His wife, Maris, is the ship’s boatswain, in charge of the maintenance and deck crew. Their ship is named the Admiral Bellingshausen, after the Estonian-born explorer who first discovered Antarctica.
In 2019, the group sailed the vessel from Estonia on a six-month voyage to Antarctica. Maris said the crew is inspired by another Antarctic explorer who made the same Arctic journey.
“We have one polar idol, Roald Amundsen, who was the first to pass Northwest passage in 1903 to 1906,” she said.

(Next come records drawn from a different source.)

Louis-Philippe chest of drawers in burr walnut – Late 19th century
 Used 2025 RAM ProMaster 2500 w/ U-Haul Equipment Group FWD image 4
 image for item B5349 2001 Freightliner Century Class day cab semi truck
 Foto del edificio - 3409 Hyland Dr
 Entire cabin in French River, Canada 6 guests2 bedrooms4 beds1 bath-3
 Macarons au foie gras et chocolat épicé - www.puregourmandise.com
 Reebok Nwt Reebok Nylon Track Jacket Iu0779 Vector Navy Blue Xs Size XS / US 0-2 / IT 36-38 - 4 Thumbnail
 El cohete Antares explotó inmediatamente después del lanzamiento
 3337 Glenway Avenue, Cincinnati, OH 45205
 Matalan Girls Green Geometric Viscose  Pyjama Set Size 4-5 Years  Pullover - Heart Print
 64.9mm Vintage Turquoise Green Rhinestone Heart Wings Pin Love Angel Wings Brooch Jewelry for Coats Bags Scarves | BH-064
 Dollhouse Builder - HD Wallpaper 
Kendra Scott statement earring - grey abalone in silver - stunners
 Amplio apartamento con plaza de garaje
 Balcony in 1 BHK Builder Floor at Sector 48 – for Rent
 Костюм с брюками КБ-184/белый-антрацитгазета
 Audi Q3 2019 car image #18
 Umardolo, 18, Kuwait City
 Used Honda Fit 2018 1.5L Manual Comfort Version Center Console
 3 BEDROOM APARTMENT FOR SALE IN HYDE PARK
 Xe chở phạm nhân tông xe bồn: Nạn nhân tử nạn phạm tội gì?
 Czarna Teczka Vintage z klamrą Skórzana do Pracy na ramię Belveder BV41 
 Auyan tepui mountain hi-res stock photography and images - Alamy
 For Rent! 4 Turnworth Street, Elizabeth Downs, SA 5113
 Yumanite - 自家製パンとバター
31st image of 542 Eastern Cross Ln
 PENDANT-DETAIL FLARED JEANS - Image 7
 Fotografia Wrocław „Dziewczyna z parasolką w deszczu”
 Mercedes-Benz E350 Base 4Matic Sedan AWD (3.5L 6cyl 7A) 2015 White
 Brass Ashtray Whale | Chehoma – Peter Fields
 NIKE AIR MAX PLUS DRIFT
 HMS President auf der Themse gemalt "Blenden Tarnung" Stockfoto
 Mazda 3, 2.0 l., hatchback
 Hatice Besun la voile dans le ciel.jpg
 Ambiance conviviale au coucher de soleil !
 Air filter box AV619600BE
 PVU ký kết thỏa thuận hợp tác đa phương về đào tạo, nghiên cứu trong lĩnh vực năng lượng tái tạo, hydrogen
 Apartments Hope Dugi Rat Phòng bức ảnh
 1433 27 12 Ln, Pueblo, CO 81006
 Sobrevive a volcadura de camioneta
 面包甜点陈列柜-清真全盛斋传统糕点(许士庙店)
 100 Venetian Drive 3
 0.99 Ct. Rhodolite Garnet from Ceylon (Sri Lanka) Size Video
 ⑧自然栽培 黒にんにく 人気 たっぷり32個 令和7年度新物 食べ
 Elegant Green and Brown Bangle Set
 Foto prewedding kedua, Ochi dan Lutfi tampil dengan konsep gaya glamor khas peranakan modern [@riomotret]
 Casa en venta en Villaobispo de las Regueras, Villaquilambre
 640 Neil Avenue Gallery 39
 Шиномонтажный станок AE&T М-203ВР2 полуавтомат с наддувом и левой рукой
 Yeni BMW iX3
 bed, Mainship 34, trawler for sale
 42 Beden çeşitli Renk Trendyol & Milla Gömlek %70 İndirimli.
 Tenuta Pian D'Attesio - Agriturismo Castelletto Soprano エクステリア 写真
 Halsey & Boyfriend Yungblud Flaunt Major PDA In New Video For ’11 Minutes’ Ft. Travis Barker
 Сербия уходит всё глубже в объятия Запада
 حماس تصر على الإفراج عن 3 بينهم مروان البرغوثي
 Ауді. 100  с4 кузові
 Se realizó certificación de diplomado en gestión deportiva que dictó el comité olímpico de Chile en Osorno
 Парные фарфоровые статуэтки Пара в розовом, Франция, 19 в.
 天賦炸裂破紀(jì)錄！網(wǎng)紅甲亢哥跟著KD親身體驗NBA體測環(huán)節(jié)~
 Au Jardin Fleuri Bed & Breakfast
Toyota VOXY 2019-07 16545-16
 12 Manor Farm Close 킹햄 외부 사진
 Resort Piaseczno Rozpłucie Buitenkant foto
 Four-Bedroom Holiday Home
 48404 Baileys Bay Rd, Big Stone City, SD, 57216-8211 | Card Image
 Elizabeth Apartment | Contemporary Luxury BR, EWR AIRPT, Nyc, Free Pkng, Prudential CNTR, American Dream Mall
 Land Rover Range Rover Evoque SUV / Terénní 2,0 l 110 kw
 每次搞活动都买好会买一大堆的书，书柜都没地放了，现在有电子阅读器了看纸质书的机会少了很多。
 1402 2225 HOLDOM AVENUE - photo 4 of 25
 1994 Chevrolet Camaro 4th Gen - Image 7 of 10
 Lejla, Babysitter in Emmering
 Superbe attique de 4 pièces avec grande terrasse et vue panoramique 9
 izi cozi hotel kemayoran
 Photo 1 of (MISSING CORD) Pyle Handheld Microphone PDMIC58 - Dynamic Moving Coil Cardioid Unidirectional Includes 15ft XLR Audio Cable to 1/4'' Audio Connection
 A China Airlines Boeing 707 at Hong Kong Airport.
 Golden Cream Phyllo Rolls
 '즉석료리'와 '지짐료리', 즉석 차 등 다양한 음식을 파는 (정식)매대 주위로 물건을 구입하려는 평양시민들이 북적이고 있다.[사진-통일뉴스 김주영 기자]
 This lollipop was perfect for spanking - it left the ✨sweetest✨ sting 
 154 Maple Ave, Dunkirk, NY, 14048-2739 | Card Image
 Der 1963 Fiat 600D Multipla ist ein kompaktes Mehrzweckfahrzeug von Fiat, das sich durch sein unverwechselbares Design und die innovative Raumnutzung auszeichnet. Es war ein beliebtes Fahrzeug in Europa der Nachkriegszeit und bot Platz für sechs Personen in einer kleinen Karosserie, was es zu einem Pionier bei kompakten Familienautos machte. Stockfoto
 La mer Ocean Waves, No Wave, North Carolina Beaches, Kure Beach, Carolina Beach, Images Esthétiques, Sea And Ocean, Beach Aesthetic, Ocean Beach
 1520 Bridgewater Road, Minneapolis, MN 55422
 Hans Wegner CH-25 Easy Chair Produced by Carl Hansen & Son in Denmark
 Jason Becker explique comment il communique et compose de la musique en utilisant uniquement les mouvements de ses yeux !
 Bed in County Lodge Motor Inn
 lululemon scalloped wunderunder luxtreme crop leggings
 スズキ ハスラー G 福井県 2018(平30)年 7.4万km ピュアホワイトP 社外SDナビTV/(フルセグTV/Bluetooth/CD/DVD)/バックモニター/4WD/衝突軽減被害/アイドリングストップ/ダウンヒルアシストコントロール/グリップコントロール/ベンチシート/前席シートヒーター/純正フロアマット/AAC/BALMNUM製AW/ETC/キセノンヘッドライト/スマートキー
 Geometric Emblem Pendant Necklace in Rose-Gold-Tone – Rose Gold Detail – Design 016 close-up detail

Since Amundsen’s expedition over a century ago, the Scott Institute for Polar Research estimates that only about 350 boats have made the Northwest passage trip, and only about half have traveled using sails like Amundson and the crew of the Admiral Bellingshausen.
Maris said it is the first time an Estonian ship has completed the endeavor, a trip of nearly 8000 nautical miles from Tallinn.
The crew was excited to visit Kotzebue because of a historic connection to Estonia. Several place names familiar to residents of the Northwest Arctic bear the names of scientists and explorers from present day Estonia, including Kotzebue, Cape Krusenstern, Cape Espenberg and Eschscholtz Bay. At that time, those scientists would have considered themselves Baltic-Germans. All of them were part of Russia's first circumnavigation of the globe in the mid-1800s.
“They are part of Estonian culture,” said Tiit. “So, we know very well what they did, and we are proud of them.”
“We actually have in our capital city Tallinn, a Kotzebue Street, and one of our crew members lives on that street,” said Märten Vaikmaa, one of the boat’s owners.
The Admiral Bellinghausen is a modern vessel compared to the giant, three-masted ships the Baltic-Germans explorers of the 1800s would have sailed in. The converted yacht is about 75 feet long and 20 ft wide, equipped with a 400-horsepower diesel motor. It has modern navigational tools, satellite internet, and a radio transmitter that is able to broadcast regularly to Estonia.
“We find it quite important to take the message to as many followers as possible,” Maris said.
The crew has thousands of fans in their country of about one million people. Tiit said one of the messages they’re trying to share is something they have encountered throughout their 3-month journey - the fragility and rapid change affecting the Arctic.
“In Europe, we're talking about climate change, it's a theoretical thing for us,” Tiit said. “But here we can see it's real. It's real everyday life, that is also very important.”
“In spite of climate change, and all kinds of problems, we have seen bright-eyed youngsters who say, ‘we have to save our language, we have to save our culture,’ which has been one of the most beautiful parts for seeing people on the way here,” Maris said.
The Admiral Bellingshausen plans to sail from Kotzebue to Little Diomede Islands, Nome and to the Aleutians before heading to Seattle for the winter.